We will then focus on various artists connected with different movements, among them the futurist Giacomo Balla who published Le vêtement masculin futuriste: Manifeste (Futurist Manifesto of Men’s Clothing), which called for dynamic textile designs and asymmetrical cuts; Fortunato Depero who designed waistcoats characterised by abstract geometries and bright colours and Italian painter and sculptor Ernesto Michahelles, better known as Thayaht, who designed the “tuta”, T-shaped overalls with a belted waist. In the early ‘20s Thayaht started working for Madeleine Vionnet, producing gowns with precise geometric cuts that followed the principles of Cubism.
Before passing onto Schiaparelli and her collaboration with the Surrealists, we will briefly go through the work of Ukrainian-French artist Sonia Delaunay who opened a fashion studio in Paris and drew on the artistic theory of simultaneity to create her textiles and designs for hats and clothes, and of some of the Russian Constructivists such as Varvara Stepanova and Liubov Popova, who concentrated on experimenting on textiles and on clothing that favoured comfort and practicality.
We will then go back to Italy to discover what was going on there during Fascism, with Mussolini trying to boost a national style, banning the import of foreign fashion items. Cesare Meano published then the Commentary and Italian Dictionary of Fashion that had the purpose of purging the language of fashion of foreign terminology. In the book Meano underlined how important it was to look back at the Renaissance for inspiration, as this period of time was the golden age of Italian history and it was therefore a crucial point for defining Italian identity as the country held an hegemonic position in Europe for what regarded fashion as style during the Renaissance. The Duce saw fashion as a powerful vehicle for the modernisation of the country. Though the regime was essentially against creativity and change in fashion it was during these years that some Italian designers produced amazing works of art and iconic designs such as Salvatore Ferragamo’s cork wedges and sandals with cellophane net.
Though paralysed during the war, the Italian fashion industry never actually stopped and some couture houses near Milan even organised fashion shows in the countryside in places that could only be reached by boat.
We will then explore the birth of the "made in Italy" with the most important designers of the 50s such as the Sorelle Fontana, Emilio Pucci, Schuberth, Biki and Simonetta among the others and explore the art of Pasquale De Antonis' fashion photography.
The 60s will allow us to analyse the work of Roberto Capucci with his sculpted dresses, often presented in museums as if they were works of art, and of Germana Marucelli. The latter often collaborated with different artists, and made dresses inspired by the geometries and black and white motifs of Getulio Alviani.

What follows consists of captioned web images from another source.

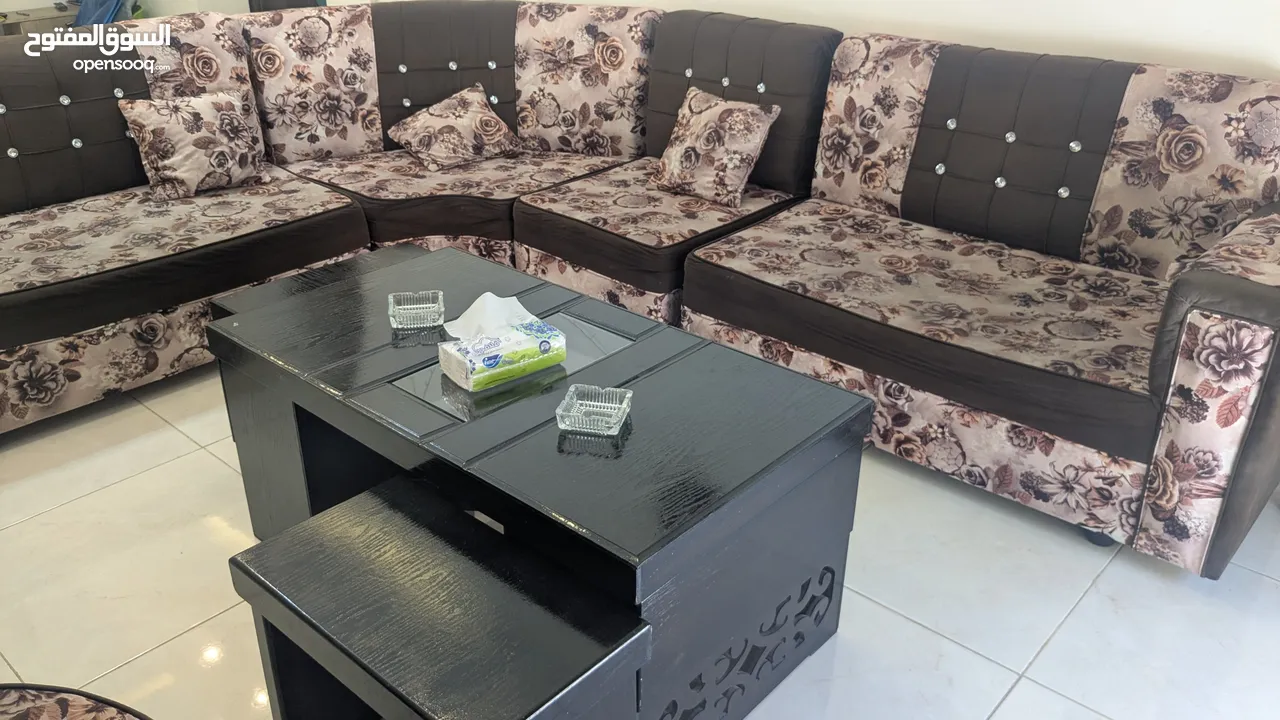 طقم غرفة معيشة بحالة جيدة مع طقم الطاولات الموضح بالصورة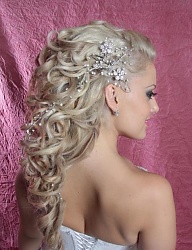 Fryzury Długie Ślubne Kręcone Upięcie Blond - 1329403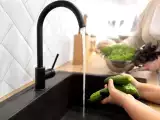 Artikelen: Je kookt elke dag met kalkaanslag en je hebt geen idee wat er met je eten gebeurt!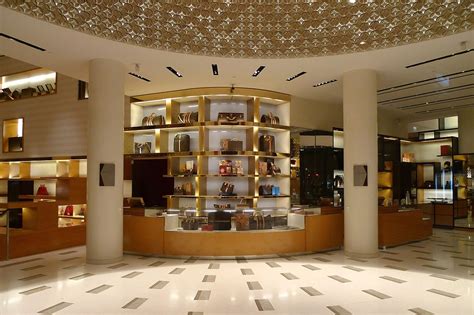 louis vuitton showroom in bangalore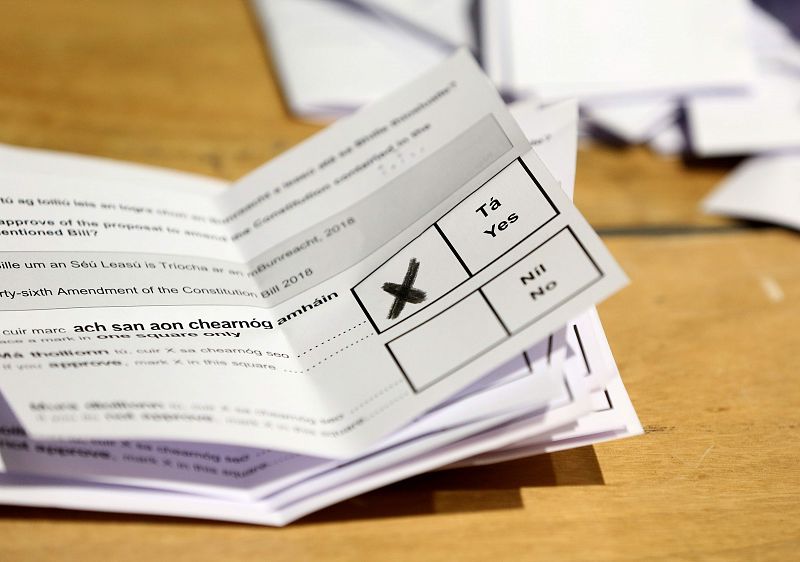 Una papeleta durante el recuento de votos en el centro de la Royal Dublin Society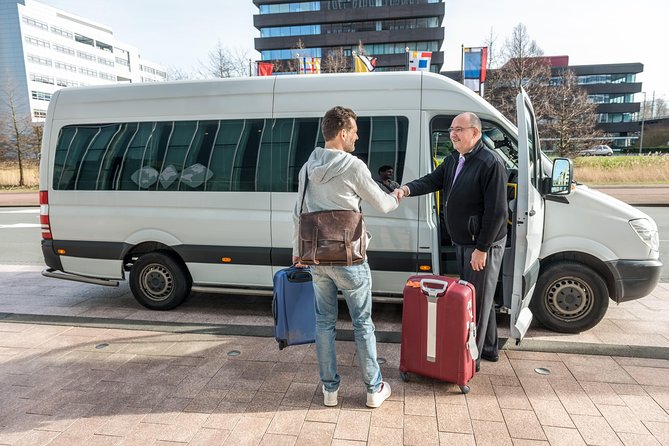 Private arrival transfer Munich Airport to Munich Hotels - Luggage rules that keep the car trip hassle-free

As the years passed, new connections between art and fashion were established: Gianni Versace drew from Andy Warhol’s pop art and Kandinsky’s abstract art; Valentino embroidered the black and white motifs of Josef Hoffman and Koloman Moser on his evening dresses; Christian Lacroix created headdresses and dresses inspired by Francisco de Zurbarán’s paintings.
In the meantime, fashion shows turned into performance art: Alexander McQueen and John Galliano for Dior’s theatrical catwalks are usually visionary spectacles. Both the designers often claimed of having been inspired in their collections by art: McQueen’s sinuous velvet dresses from his A/W 2006-07 collection seemed to reproduce the garments worn by the ethereal women of Pre-Raphaelite’s paintings; Galliano’s lilac sumptuous dress from his Autumn 2007 collection was a vision out of Giovanni Boldini’s Portrait of the Marchesa Luisa Casati, while the palette for some of the other creations for the same collection was lifted from Picasso and Leonardo da Vinci, and their silhouettes from Goya and Zurbarán.
Spring 2008 was definitely one of the most exciting seasons for the fashion-meets-art connection: inspired by the work of Julian Schnabel, Dolce & Gabbana turned their dresses into proper canvases, by hand-painting on silk, organza and tulle and then transforming the material into dresses, while New York art collective 2x4’s Hieronymus Bosch-meets-Aubrey Beardsley drawings were printed on Prada’s womenswear.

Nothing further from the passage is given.